De son côté, elle est propulsée gourou du leadership et se voit offrir un job prestigieux à Harvard.
Problème : qui dit succès dit détracteurs, et ceux d’Amy Cuddy se réveillent petit à petit pour contrecarrer ce qu’ils qualifient de « pseudo-science ».
Crise de la reproductibilité
Le problème lorsqu'une théorie séduit, c’est que le grand public est prêt à la gober sans rechigner. Les profils académiques, en revanche, se font un devoir de débusquer les mythes. Évidemment, ça demande un peu de temps – histoire de mener des études de fond.
Ce qui s’est passé dans le cas du « power posing », c’est une « crise de la reproductibilité ». L’expression, qui fait référence à une crise méthodologique, exprime la difficulté ou l'impossibilité à reproduire des résultats d’études scientifiques. Depuis 2015, une dizaine de contre-études décrient la théorie d’Amy Cuddy – et particulièrement le changement hormonal. Même Dana Carney, co-autrice de la première étude aux côtés de cette-dernière, finit par admettre que les effets hormonaux du « power posing » n’étaient « pas réels » .
Oups.
Quand quelque chose est facile, on a envie d’y croire
Pour le journaliste scientifique Dalmeet Singh Chawla, le succès du « power posing » s’explique par la simplicité de la théorie. « Les gens sont séduits par l’idée que de petits changements comportementaux peuvent avoir des effets importants », explique-t-il dans un article publié sur Medium. Un point de vue partagé par Moin Syed, psychologue à l’Université du Minnesota. « L’idée du power posing, c’est qu’une action qui ne demande aucun effort permet de détruire toutes les barrières », analyse-t-il. C'est sûr que c'est moins chronophage ou compliqué que de lire un livre entier pour être plus performant.
Par ailleurs, le psychologue rappelle que bon nombre d’adeptes ont pris des décisions professionnelles selon cette théorie. « C’est difficile de faire changer d’avis les gens quand ils sont convaincus que ce qu’ils aiment est prouvé scientifiquement. » Stephanie Davies, CEO de Laughology, explique ainsi que l’effet placebo est parfois plus puissant que n’importe quel taux d’hormones dans l’organisme.

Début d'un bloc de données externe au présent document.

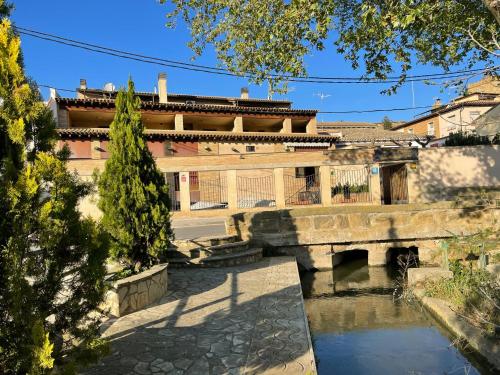 um edifício antigo com uma ponte sobre um rio em EL RINCON DE TOÑO em Pomar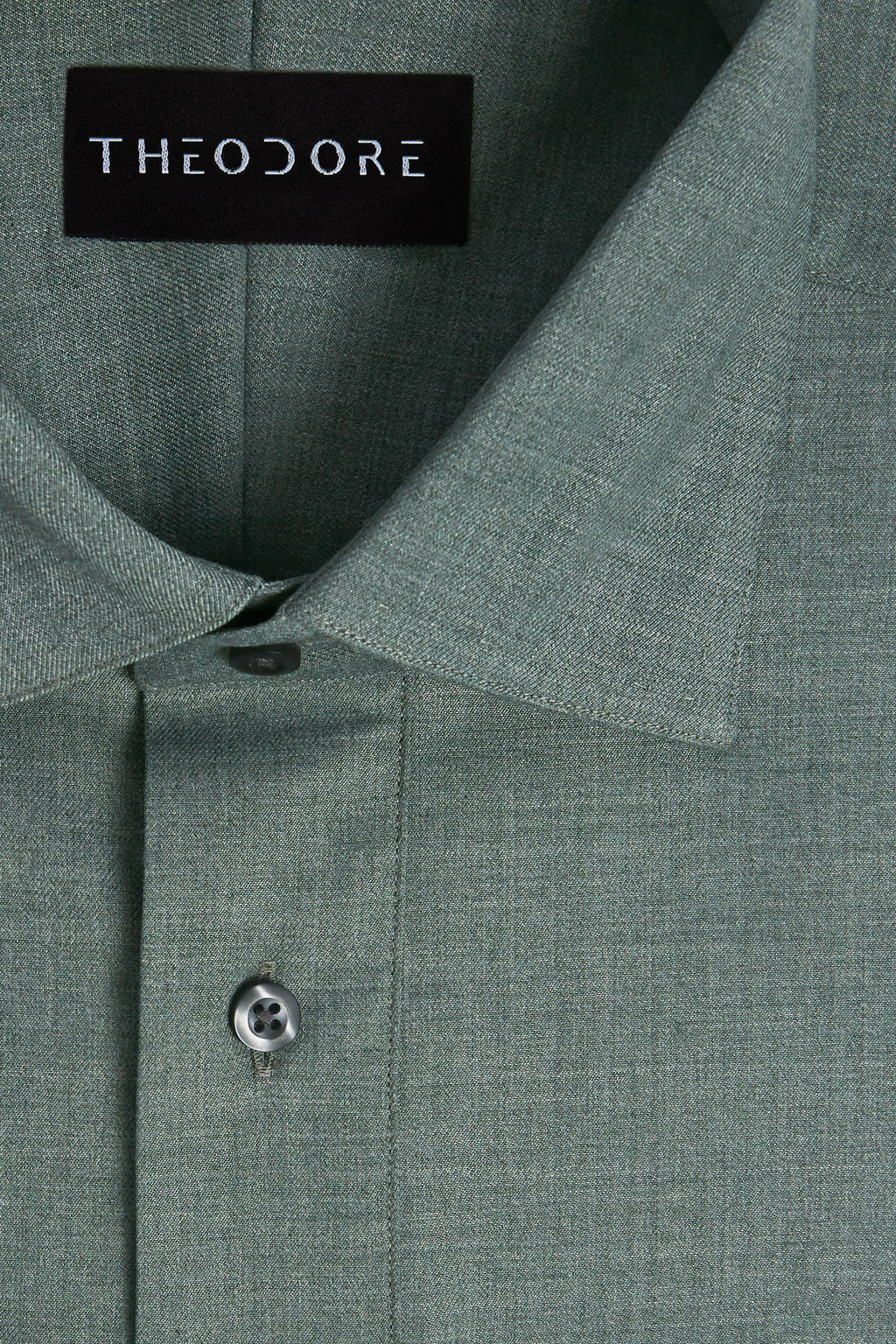 Green Popover Shirt, close-up of the collar and button placket with the THEODORE label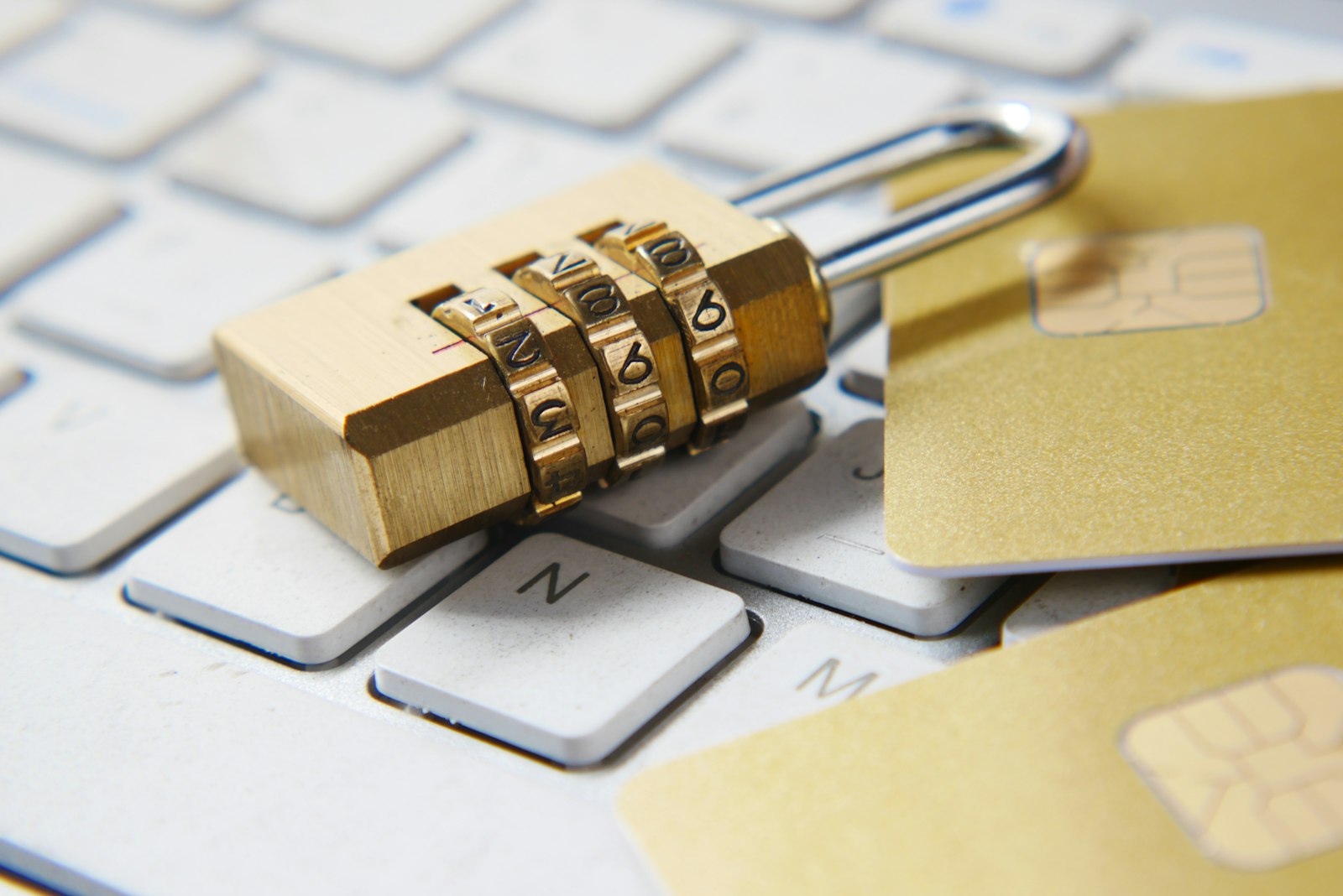 Padlock on a keyboard representing HIPAA data security and PHI protection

Que ça marche ou pas, le vrai problème, c’est la façon dont on appréhende les études
Quoiqu’il en soit, la guerre autour du « power posing déchire ». De son côté, Amy Cuddy a sorti un nouveau livre qui minimise l’impact hormonal de la posture. De l'autre, les équipes de TED ont ajouté une note à la vidéo expliquant le débat qui fait rage. Quant aux médias, c'est selon. Certains se rangent du côté de la psychologue et défendent leur protégée. D'autres font le choix du mea culpa. Pour Will Gervais, psychologue de l’Université du Kentucky, ce qui se passe est significatif de ce qu’il appelle « le réveil méthodologique ». « C’est important que le grand public comprenne que les critiques et les révisions des études est un procédé normal et sain en sciences », explique-t-il.
Et quand on sait qu’Amy Cuddy dit avoir été victime de menaces de mort suite aux contre-études… on se dit qu’effectivement, c'est assez important.